Si l'alimentation n'est pas seule responsable de l'obésité, elle y contribue largement. Il est désormais acquis que les habitudes alimentaires prises, pour certaines, très jeunes, modifient notre comportement et notre cerveau en profondeur.
Alors que la précarité alimentaire augmente, le comportement du consommateur est majoritairement guidé par le prix. Or les produits alimentaires ultra-transformés, plus nocifs pour la santé, sont aussi le plus souvent moins chers. Ce comportement d'achat est également très largement orienté par la publicité et le marketing. Rappelons qu'en 2023, les dépenses en publicité et communication concernant l'alimentation s'élevaient à 5,5 milliards d'euros, dont une part très majoritaire promouvant des produits trop gras, trop sucrés, trop salés. N'oublions pas non plus que selon où l'on habite, il est parfois difficile d'accéder physiquement à une alimentation de qualité, nombre de lieux étant carencés en commerces proposant des produits sains et de qualité. Aujourd'hui, ainsi, près de sept produits sur dix vendus en supermarchés sont ultra-transformés, et ils représentent plus du tiers des calories totales consommées par les Français.
La malbouffe représente un coût très important pour notre société. La prévalence d'obésité a ainsi fait exploser les cas de diabète, d'insuffisance cardiaque et de plusieurs pathologies chroniques.
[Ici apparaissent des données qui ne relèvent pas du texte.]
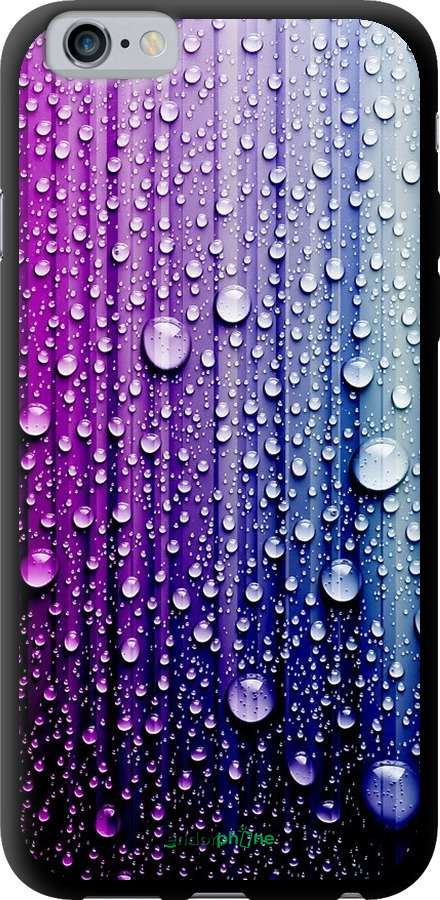 

TPU чорний чохол "Краплини води" для iPhone 6, Синій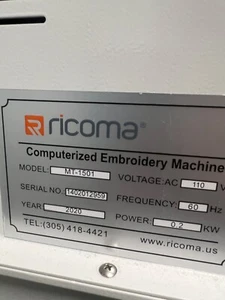 Ricoma MT-1501: 15 needle Single Head Embroidery Machine, Accessories & more! - Picture 1 of 8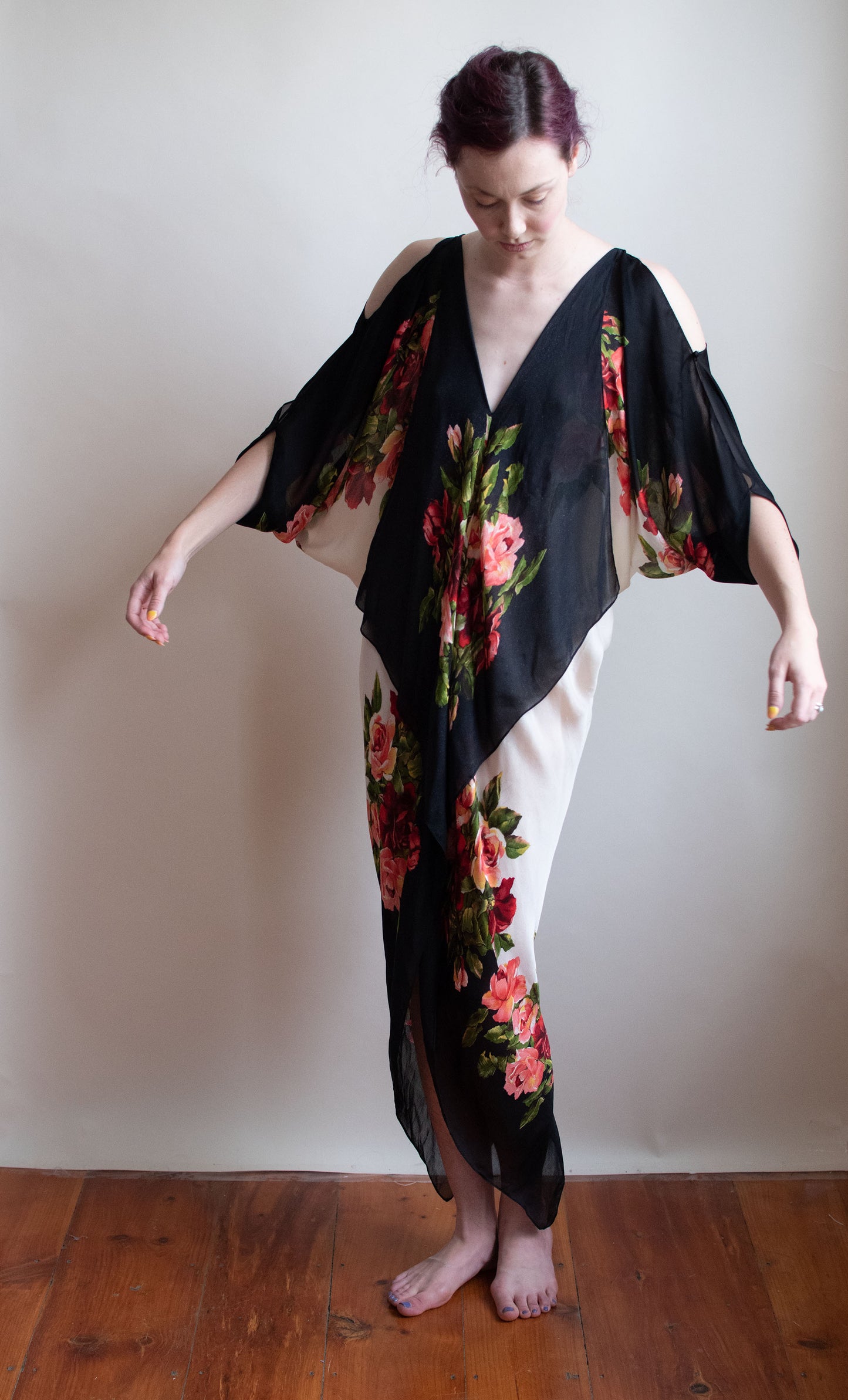 1990s Floral Chiffon Cocoon Dress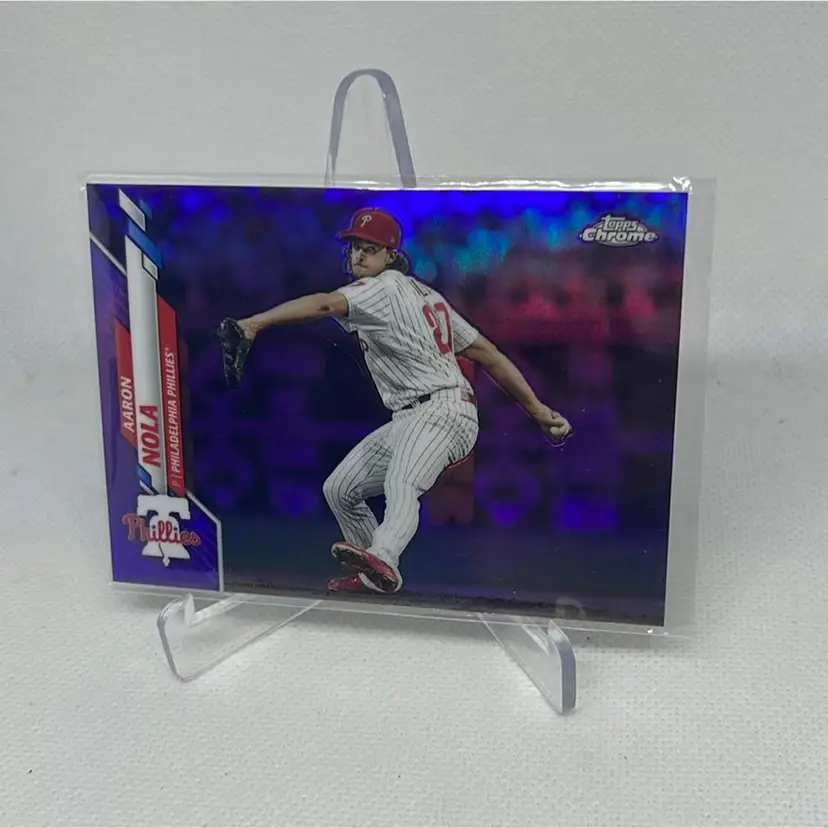 2020 Topps Chrome Purple Refractor 115/299 Aaron Nola Philadelphia Phillies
Une étude récente évalue à un minimum de 11,7 milliards d'euros pour la France le coût direct de la prise en charge des maladies liées à l'alimentation. Un chiffre qui ne prend pas en compte de nombreux autres coûts pour la société et les personnes : incapacités totales ou partielles de travail, perte de capacités motrices ou cognitives, dépendance avec les charges induites pour les proches
Ces chiffres sont particulièrement inquiétants, et notre gouvernement donne l'impression de regarder ailleurs. Alors que plusieurs pays avancent et mènent des politiques volontaristes en la matière, la France reste enfermée dans sa dépendance aux lobbies agro-industriels, préférant mettre de côté la santé publique au profit de quelques grands industriels.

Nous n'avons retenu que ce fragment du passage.